Repeat exactly the lines of the entries below from the one with "CAE22Q5 | Промежуточное" through the one with "Pashtush India Womens", both ends included, and nothing else.
════════
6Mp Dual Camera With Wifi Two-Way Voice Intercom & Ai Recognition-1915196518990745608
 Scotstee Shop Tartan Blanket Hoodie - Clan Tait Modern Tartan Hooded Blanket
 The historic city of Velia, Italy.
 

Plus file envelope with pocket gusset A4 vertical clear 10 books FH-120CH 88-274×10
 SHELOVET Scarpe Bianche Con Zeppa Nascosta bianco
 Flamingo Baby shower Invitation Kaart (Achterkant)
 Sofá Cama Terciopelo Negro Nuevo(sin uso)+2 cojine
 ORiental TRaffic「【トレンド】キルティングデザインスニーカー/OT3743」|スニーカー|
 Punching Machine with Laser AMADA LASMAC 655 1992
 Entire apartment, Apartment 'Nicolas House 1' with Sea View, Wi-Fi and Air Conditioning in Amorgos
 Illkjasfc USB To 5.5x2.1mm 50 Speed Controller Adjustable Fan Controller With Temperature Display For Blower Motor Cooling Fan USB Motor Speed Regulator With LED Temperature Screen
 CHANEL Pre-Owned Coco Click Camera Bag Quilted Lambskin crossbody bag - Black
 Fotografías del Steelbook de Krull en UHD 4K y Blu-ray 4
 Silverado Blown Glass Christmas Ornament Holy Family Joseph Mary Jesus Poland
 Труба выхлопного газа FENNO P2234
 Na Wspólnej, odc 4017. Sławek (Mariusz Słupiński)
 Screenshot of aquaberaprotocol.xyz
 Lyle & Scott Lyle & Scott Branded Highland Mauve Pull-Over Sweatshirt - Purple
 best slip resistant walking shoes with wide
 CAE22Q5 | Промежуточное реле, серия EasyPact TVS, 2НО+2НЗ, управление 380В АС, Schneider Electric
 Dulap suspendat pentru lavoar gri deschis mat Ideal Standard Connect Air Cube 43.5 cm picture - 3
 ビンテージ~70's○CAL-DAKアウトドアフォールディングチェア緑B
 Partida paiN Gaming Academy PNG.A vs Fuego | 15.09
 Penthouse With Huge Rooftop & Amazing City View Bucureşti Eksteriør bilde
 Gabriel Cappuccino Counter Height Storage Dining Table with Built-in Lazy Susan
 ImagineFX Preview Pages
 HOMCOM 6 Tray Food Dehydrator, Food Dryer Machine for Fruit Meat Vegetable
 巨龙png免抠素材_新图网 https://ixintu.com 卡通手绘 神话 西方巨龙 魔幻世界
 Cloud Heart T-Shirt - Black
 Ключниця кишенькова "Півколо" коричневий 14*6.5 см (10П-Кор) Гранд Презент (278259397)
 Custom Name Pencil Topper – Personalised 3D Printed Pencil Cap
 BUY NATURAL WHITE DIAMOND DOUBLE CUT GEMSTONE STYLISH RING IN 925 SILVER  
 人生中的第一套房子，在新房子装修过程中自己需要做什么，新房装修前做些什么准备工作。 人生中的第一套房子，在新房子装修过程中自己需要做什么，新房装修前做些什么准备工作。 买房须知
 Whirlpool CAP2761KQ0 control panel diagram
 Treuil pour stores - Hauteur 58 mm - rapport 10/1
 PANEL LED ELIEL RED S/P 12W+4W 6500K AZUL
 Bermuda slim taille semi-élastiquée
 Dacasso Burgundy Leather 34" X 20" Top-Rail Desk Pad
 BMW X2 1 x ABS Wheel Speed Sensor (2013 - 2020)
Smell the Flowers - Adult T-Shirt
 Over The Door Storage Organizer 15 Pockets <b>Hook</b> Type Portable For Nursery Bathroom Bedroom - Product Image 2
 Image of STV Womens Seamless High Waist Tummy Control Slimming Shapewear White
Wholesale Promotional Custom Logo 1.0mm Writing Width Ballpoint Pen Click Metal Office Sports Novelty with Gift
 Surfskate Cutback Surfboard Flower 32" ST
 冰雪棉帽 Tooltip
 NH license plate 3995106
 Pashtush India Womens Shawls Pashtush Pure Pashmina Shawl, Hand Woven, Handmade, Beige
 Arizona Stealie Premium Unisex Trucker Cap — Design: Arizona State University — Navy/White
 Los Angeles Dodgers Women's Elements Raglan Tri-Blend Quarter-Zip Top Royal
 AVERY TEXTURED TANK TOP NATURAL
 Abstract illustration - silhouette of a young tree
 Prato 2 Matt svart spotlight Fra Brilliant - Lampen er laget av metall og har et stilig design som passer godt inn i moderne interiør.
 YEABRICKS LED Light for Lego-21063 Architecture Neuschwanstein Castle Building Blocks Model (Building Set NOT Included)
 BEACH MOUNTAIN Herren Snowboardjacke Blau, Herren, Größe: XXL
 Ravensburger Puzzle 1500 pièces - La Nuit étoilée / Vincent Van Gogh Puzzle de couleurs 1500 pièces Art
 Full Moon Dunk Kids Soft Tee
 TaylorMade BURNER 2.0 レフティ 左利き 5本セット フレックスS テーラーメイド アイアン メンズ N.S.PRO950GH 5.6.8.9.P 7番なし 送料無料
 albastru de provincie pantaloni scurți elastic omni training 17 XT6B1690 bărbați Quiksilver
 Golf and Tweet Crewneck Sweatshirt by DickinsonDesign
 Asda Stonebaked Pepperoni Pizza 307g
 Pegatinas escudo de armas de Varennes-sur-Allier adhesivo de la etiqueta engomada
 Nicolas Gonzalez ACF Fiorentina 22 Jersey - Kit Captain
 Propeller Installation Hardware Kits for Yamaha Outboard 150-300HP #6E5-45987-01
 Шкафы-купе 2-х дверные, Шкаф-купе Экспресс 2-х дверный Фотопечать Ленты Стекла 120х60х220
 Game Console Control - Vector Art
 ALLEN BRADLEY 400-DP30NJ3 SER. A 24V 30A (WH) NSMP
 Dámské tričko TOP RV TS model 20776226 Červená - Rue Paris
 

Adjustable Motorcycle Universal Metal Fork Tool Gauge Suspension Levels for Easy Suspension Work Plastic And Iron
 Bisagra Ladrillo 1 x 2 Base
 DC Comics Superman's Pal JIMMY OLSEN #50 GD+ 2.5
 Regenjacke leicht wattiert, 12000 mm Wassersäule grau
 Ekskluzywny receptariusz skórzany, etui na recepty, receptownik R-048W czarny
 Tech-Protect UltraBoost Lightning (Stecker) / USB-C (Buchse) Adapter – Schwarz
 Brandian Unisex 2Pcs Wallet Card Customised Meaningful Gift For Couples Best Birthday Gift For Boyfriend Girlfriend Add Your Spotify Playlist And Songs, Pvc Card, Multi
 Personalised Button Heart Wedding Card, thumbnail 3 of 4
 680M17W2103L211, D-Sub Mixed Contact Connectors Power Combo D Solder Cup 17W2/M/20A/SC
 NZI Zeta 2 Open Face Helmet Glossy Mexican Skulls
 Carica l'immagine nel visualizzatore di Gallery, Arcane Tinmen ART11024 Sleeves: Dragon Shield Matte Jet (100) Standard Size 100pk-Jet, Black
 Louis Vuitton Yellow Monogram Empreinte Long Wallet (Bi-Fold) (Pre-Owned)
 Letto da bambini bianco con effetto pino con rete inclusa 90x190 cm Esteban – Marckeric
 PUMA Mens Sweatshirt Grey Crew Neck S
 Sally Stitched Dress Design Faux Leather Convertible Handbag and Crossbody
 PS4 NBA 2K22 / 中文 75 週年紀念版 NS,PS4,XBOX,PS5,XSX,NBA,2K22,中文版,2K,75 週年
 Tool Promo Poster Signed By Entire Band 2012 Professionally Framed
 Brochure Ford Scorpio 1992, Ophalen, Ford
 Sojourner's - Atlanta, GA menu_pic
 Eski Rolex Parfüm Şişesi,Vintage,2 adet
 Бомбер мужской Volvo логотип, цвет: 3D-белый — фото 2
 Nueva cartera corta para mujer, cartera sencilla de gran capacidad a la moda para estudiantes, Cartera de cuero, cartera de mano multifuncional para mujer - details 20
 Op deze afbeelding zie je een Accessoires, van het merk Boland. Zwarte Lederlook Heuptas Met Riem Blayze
════════
Written reply:
 CAE22Q5 | Промежуточное реле, серия EasyPact TVS, 2НО+2НЗ, управление 380В АС, Schneider Electric
 Dulap suspendat pentru lavoar gri deschis mat Ideal Standard Connect Air Cube 43.5 cm picture - 3
 ビンテージ~70's○CAL-DAKアウトドアフォールディングチェア緑B
 Partida paiN Gaming Academy PNG.A vs Fuego | 15.09
 Penthouse With Huge Rooftop & Amazing City View Bucureşti Eksteriør bilde
 Gabriel Cappuccino Counter Height Storage Dining Table with Built-in Lazy Susan
 ImagineFX Preview Pages
 HOMCOM 6 Tray Food Dehydrator, Food Dryer Machine for Fruit Meat Vegetable
 巨龙png免抠素材_新图网 https://ixintu.com 卡通手绘 神话 西方巨龙 魔幻世界
 Cloud Heart T-Shirt - Black
 Ключниця кишенькова "Півколо" коричневий 14*6.5 см (10П-Кор) Гранд Презент (278259397)
 Custom Name Pencil Topper – Personalised 3D Printed Pencil Cap
 BUY NATURAL WHITE DIAMOND DOUBLE CUT GEMSTONE STYLISH RING IN 925 SILVER  
 人生中的第一套房子，在新房子装修过程中自己需要做什么，新房装修前做些什么准备工作。 人生中的第一套房子，在新房子装修过程中自己需要做什么，新房装修前做些什么准备工作。 买房须知
 Whirlpool CAP2761KQ0 control panel diagram
 Treuil pour stores - Hauteur 58 mm - rapport 10/1
 PANEL LED ELIEL RED S/P 12W+4W 6500K AZUL
 Bermuda slim taille semi-élastiquée
 Dacasso Burgundy Leather 34" X 20" Top-Rail Desk Pad
 BMW X2 1 x ABS Wheel Speed Sensor (2013 - 2020)
Smell the Flowers - Adult T-Shirt
 Over The Door Storage Organizer 15 Pockets <b>Hook</b> Type Portable For Nursery Bathroom Bedroom - Product Image 2
 Image of STV Womens Seamless High Waist Tummy Control Slimming Shapewear White
Wholesale Promotional Custom Logo 1.0mm Writing Width Ballpoint Pen Click Metal Office Sports Novelty with Gift
 Surfskate Cutback Surfboard Flower 32" ST
 冰雪棉帽 Tooltip
 NH license plate 3995106
 Pashtush India Womens Shawls Pashtush Pure Pashmina Shawl, Hand Woven, Handmade, Beige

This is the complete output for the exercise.